Pour moi, cette idée est problématique, parce qu’elle revient à créer volontairement une nouvelle vie captive pour compenser un manque de connaissances humaines. On ne répond pas à une difficulté d’adaptation en produisant un nouvel individu ; on répond à une difficulté en s’outillant soi-même.
Les ressources pour apprendre existent déjà, et elles sont nombreuses : formations, accompagnement professionnel, éducateurs aviaires, guides sur le comportement et l’éthologie, réseaux de soutien, centres spécialisés.
Et contrairement à ce que l’on croit souvent, les perroquets de seconde main ne sont pas tous traumatisés ou « brisés ». Certains sont stables, curieux, équilibrés et capables de créer des liens riches et fiables.
D’autres portent effectivement des blessures, mais il existe des approches, des outils et des pratiques qui permettent de les accompagner avec respect.
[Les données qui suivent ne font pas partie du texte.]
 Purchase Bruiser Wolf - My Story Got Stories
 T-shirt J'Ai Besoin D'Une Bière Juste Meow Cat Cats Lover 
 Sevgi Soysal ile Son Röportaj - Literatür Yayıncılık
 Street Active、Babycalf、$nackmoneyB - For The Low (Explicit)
L’enjeu ne devrait jamais être de trouver « l’oiseau le plus facile ». L’enjeu est de former l’humain, de lui donner les connaissances, la patience, la compréhension et les repères nécessaires pour offrir à l’oiseau — peu importe son histoire — une vie plus cohérente, plus stable et plus respectueuse.
Ce n’est pas l’oiseau qui doit être façonné pour s’adapter à nous.
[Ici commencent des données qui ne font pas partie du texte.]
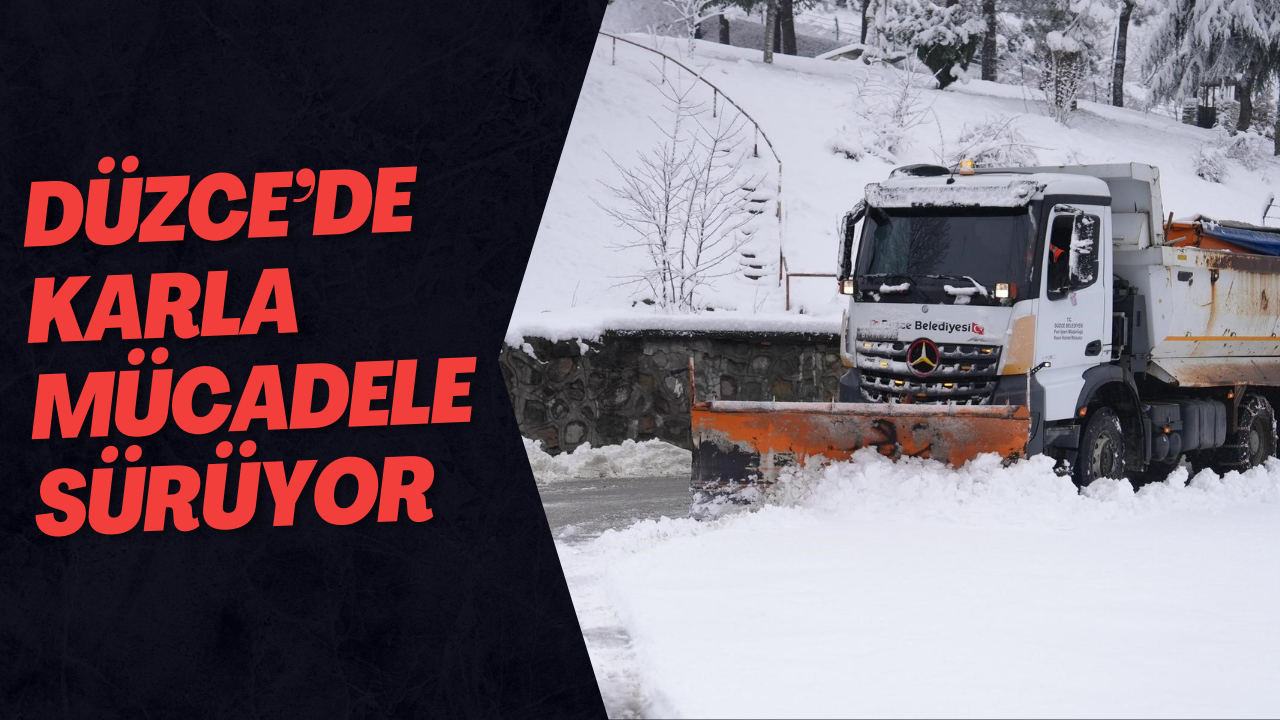 Düzce’de Karla Mücadele Sürüyor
C’est nous qui devons apprendre à rencontrer l’oiseau là où il est.
Ma position
Avec l’expérience, l’observation, et mon implication, après avoir assisté à deux sommets sur la crise mondial des perroquets avec l’International Alliance for the Protection of Parrots, ma position est devenue claire :
Je pense que les perroquets devraient vivre dans leur environnement naturel, et je ne soutiens ni la reproduction ni l’achat. Il faut protéger leur habitat naturel et non pas encourager la reproduction.
Il ne s’agit pas de dire aux gens de se séparer de leurs oiseaux ni de prêcher la culpabilité.
Les oiseaux déjà présents méritent stabilité, attention et engagement.
Nous faisons tous avec nos limites, et avec les conditions de vie que nous sommes en mesure d’offrir. Ce que je refuse d’encourager, c’est la production de nouveaux oiseaux.
Mon engagement se situe dans l’accompagnement des oiseaux déjà captifs, en cherchant continuellement à améliorer leurs conditions, à reconnaître leurs besoins, et à respecter ce qu’ils sont, des êtres libres dont la captivité ne cessera jamais d’être un compromis.
Ce texte exprime ma position personnelle, basée sur mon expérience et mes observations. Il ne cherche pas à convaincre, mais simplement à partager un point de vue et nourrir la réflexion.